Neyse, batı cephesinde gerçek olan şu, ateşkese, anlaşmanın yürürlüğe girmesine bir dakika kala bile savaşın tüm dehşeti sürmüştür. Özellikle teknik manada güçlü olanlar karşı tarafa zarar vermek için her saniyeyi kullanmışlardır.
Bu işin bir yanı…
İşin diğer yanı da “Hemme'nin Öldüğü Günlerden Biri” …
2024 çıkışlı bu trajikomik filmde tarım işçisi Eyüp'ün, domates kurutma işinde parasını ödemeyen patronu Hemme'yi öldürmek için öfkeden gözü dönmüş olarak Hemme’yi öldürmeye karar vermesi ve Siverek içinde yaptığı bir günlük yolculuk anlatılmaktadır. Eyüp’ün bir günlük rutini, yaşamın diyalektiğini gözler öne serer.
Filmin ilk sahnesi ile son sahnesi bu açıdan muazzamdır.
Filmin sonunda, sabah Hemme’yi öldürmek üzere yola çıkan Eyüp’ün, akşam bir düğünde Hemme ile kol kola halay çektiğini görüyoruz.
Bu finali gördüğümde aklıma doğrudan 1 Ekim’de başlayan ve henüz tam adı olmayan süreç geldi. Dün düşman olarak kodlanan, bugün yan yana. Eyüp ve Hemme’nin durumu da biraz sürece benziyordu. Yani hayatın olağan ve gerçekçi akışı gibi…
İki film, iki durum… Bugünün de ruh hali gibi.
Şöyle ki;
Herkes tarihi bir çağrı bekliyor. Bu çağrının adeta Compiègne anlaşması ruhu taşıyacağına inanılıyor. Evet, bugün adı konmayan bir Compiègne anlaşması havası var ama kâğıt üstünde değil.
Taraflardan biri durmadan operasyon yapıyor, kayyım atıyor. Çağrının olacağı, bir yola girileceğinin son dakikasına kadar karşı tarafa darbe üstüne darbe vurmaya çalışıyor.

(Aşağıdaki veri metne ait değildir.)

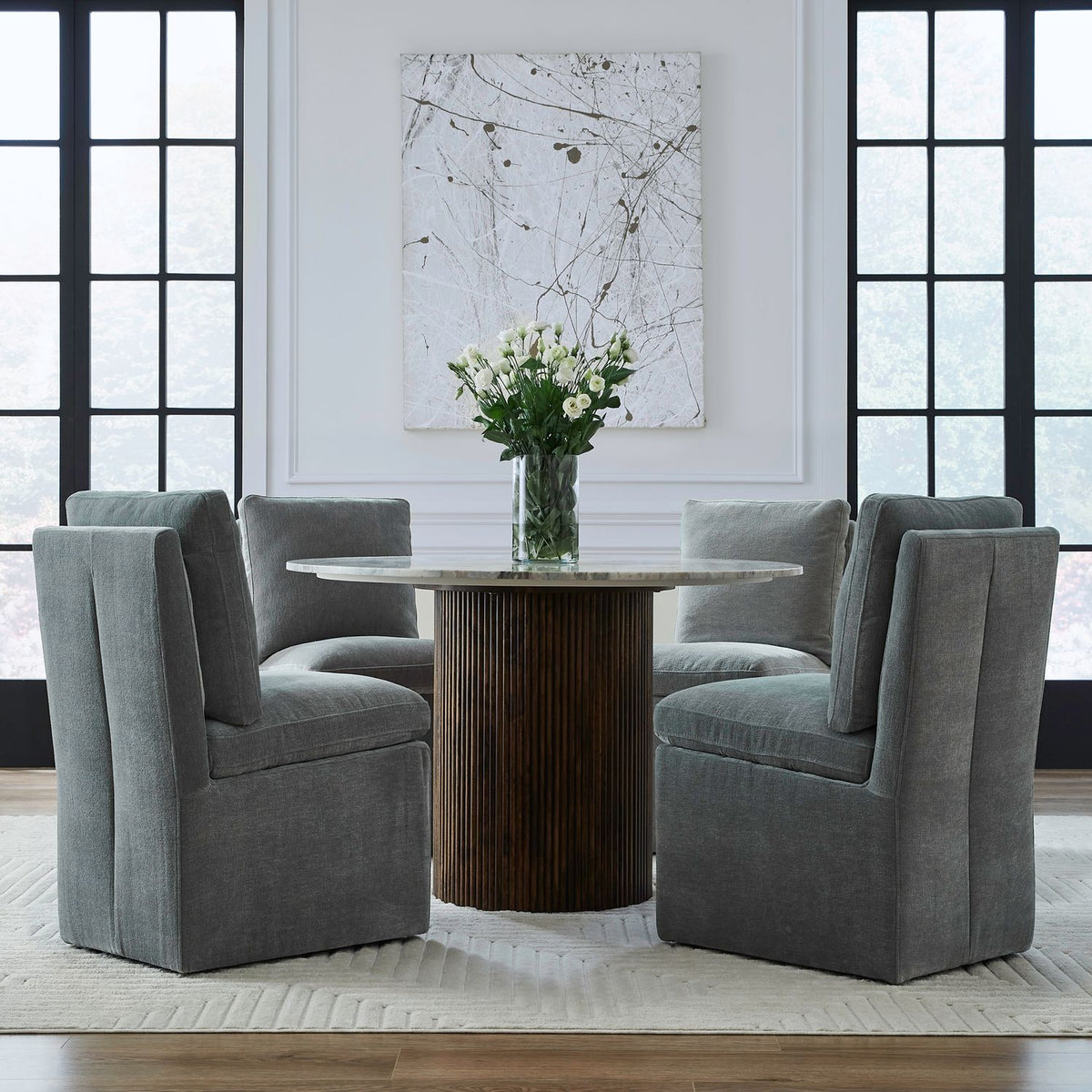 733-ADC90-SP - Accent Dining Chair w/ Casters - Sapphire - Liberty Furniture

Ne koparsam, ne kazansam, neyi kırsam kar diye düşünüyor.
Bir yanda barış çabası
Siyasetçi, sanatçı, gazeteci, iş insanı vs. Dalga herkesi önüne alıp gidiyor.
Yetmiyor kayyım denen rejim ile keyfiliğin tüm sınırları işletiliyor.
Herkes ‘musakkaya alaka’ ruh hali ile söyleniyor.
Görünen, evet bir tarafta “batı cephesinde yeni bir şey yok” ama diğer yandan da Hemme ile Eyüp’ün aynı halayda el ele olması ve çalmaya devam eden müzik var. Bahçeli de Kürt hareketi de pause düğmesine basmadı. Basmama yönünde de irade var.
Bu ikili durum, beklenen çatışmasız ortam ile çatışma ortamının keskinliği ve ruh halleri arasında ince bir dalda yol alıyor.
Bir yandan barış çabası ve beklenen tarihi çağrı diğer yandan devam eden ve çağrı öncesi her şeyi uçlarda zorlayan operasyonel akıl.
Dilerim sonuç soğuk bürokrasinin geçeceği soğuk cümleler değil de Hemme’nin finali gibi olur. Bu biraz toplumun talebine ve mücadelesine bağlı olacak.